Chrisola 07

17 2 0
                                    

“Pagi ini kalau aku jemput mau nggak?”

Setelah membaca pesan itu, Viola tiba-tiba tersedak. Buru-buru ia meletakkan ponsel dan sendoknya lalu meneguk segelas air dari samping piring.

“Viola, tadi Papa bilang jangan main ponsel sambil makan, kan!” ujar papa menggelengkan kepala lalu memasukkan sesendok nasi ke dalam mulutnya.

Viola segera mengambil tisu lalu membersihkan area bibirnya. Kemudian kembali meneguk air secara perlahan. Setelah merasa baikan, ia menatap papa dan tersenyum malu.

“Maaf, Pa.”

Viola sedikit takut untuk kembali membuka ponsel. Takut saja bila nanti papa jadi marah karena terus menerus bermain ponsel. Jadi, ia biarkan benda itu di sampingnya sambil buru-buru menghabiskan makanannya agar dapat membalas pesan Arkan.

Kira-kira apa yang akan ia balas?

Ola jadi bingung sendiri.

“Papa hari ini ke kantor?” tanya Ola meletakkan sendoknya.

“Siangan. Tapi kamu bakal tetap Papa antar.”

Viola menganggukkan kepala. Bagaimana caranya agar papa mengizinkan Arkan untuk mengantarnya?

“Pa, hari ini Ola dijemput teman.
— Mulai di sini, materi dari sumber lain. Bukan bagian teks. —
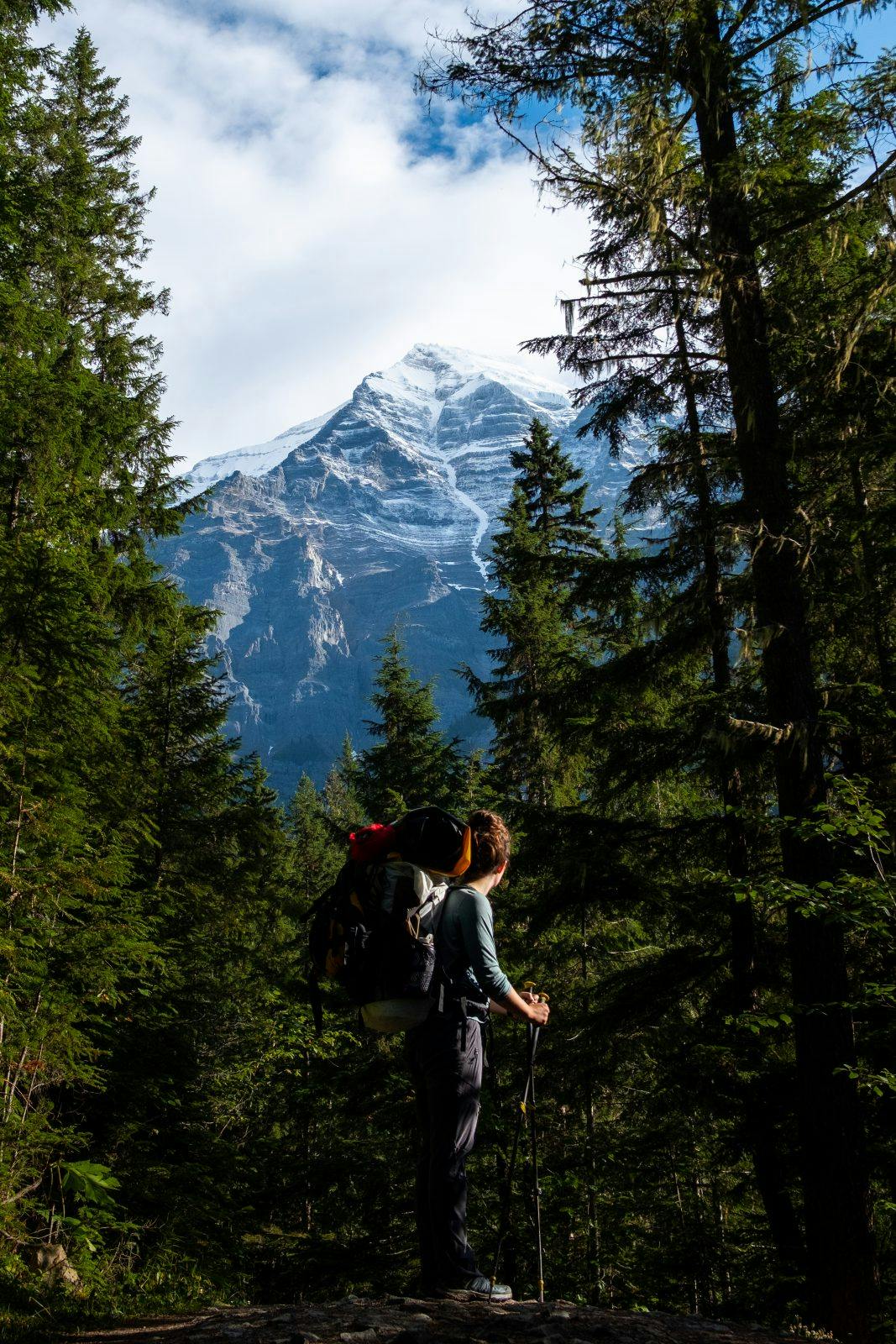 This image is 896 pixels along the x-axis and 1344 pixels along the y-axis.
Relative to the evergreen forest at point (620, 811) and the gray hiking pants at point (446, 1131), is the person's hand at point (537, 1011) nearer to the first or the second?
the gray hiking pants at point (446, 1131)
Boleh, kan?” di bawah meja, dia meremas taplak dengan kuat. Takut mendengar penolakan dari papa.

“Siapa yang antar kamu? Pakai kendaraan apa?”

Viola tidak langsung menjawab. Ia berpikir terlebih dahulu. Tapi yang Ola tahu meskipun papa orangnya cukup perfeksionis tapi dia bukan tergolong kepada tipe orang yang mengekang orang lain. Jadi Ola memutuskan untuk berbicara sejujurnya saja.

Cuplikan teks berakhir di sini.